Use GMATprep Software to assess your abilities. Don’t be a whiny kid and say you want to save it for later. It’s a load of excuse.
The GMATprep software will give you the best measurement of where you are. You might start thinking, hey, I should save all of these practice tests for later. Why the hell later? Will later get you a higher score? Hell no. The right way of studying gets you there. Practice exams just let you know your benchmark. And no, do not use other company’s GMAT CAT. Those are inaccurate. Why the hell do you want an inaccurate measurement?! Once you know where you are… then you can start using the practice test as a simulation for the big day.
After the initial assessment, you should be able to decide where to study first. If your quant is weak… start at quant… if your verbal is weak start with verbal… if both aspects are week… start with the one you are most comfortable with in terms of studying for very long periods of time.
The first step to GMAT studying is start studying the fundamentals. Build your grounds up. You can pick up the fundamentals from a variety of places such as the Manhattan Prep GMAT books or Magoosh.
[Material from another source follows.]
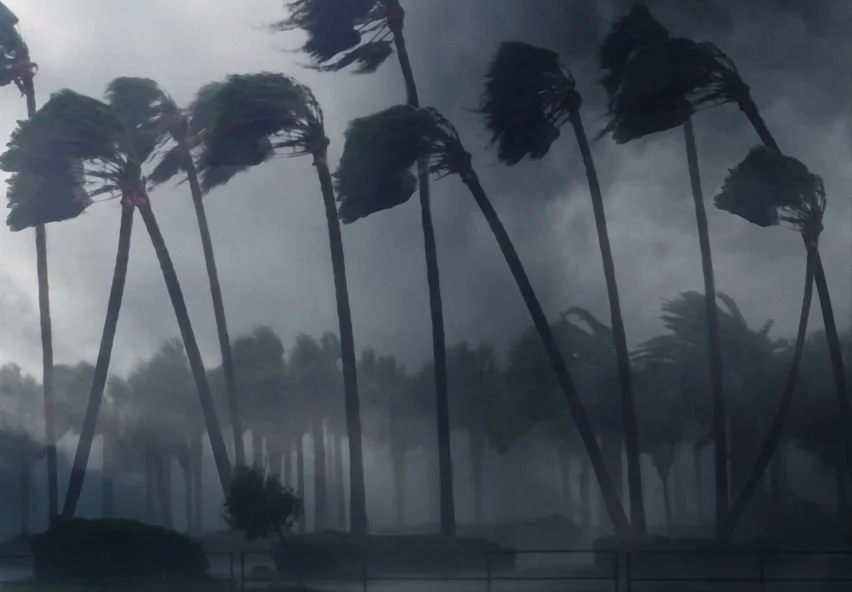 hurricane force winds in south carolina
I personally recommend the Manhattan series.
You need to have a great understanding of what GMAT tests you in each section. You need to know what types of questions are available, what types of sections there are, and what mindset you should have when approaching these questions.
The second step is to analyze your studying errors. This is crucial to making it big at anything. Learn how to constantly make your own mistakes and fix them. Be an active reader not a passive test taker. This is how I do it:
- Write your errors down. (I used an excel sheet.)
- Write why you made them.
- Write an explanation on how you can fix them.
- Redo those questions 1 – 2 times until you feel like you will never make the same errors again.
- Redo the questions again and find faster and more precise approaches.
The third step is to analyze the questions you are studying. This is a preventative measure against traps in in the GMAT. Sometimes it’s not because being silly made you choose the wrong choices, but it’s because the GMAT is designed in such a way to mess with your head. Also, ONLY ANALYZE OFFICIAL QUESTIONS!!
- Categorize questions. Some books certainly do it for you, but my suggestion is to come up with your very own category. This helps you remember better.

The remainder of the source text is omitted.